**THE TASK:** A line below contains "LA 70739, USA", and a later one contains "Blue Ringneck male". Repeat both, with every line between them, exactly.

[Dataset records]
·····

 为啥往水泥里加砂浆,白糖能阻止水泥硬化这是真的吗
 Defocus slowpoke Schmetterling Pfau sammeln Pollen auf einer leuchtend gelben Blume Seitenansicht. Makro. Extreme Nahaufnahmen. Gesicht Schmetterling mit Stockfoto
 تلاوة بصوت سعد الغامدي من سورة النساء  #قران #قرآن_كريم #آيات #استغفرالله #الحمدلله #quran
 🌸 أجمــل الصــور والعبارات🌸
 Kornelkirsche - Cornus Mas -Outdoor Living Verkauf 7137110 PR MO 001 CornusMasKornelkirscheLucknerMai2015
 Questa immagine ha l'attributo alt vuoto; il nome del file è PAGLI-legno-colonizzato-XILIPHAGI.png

·····

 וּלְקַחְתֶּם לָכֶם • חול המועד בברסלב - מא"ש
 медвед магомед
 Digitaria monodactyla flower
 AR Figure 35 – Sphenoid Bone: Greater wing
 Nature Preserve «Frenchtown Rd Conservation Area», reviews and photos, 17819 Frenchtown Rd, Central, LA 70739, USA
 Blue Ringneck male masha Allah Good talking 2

·····

**RESPONSE:**
 Nature Preserve «Frenchtown Rd Conservation Area», reviews and photos, 17819 Frenchtown Rd, Central, LA 70739, USA
 Blue Ringneck male masha Allah Good talking 2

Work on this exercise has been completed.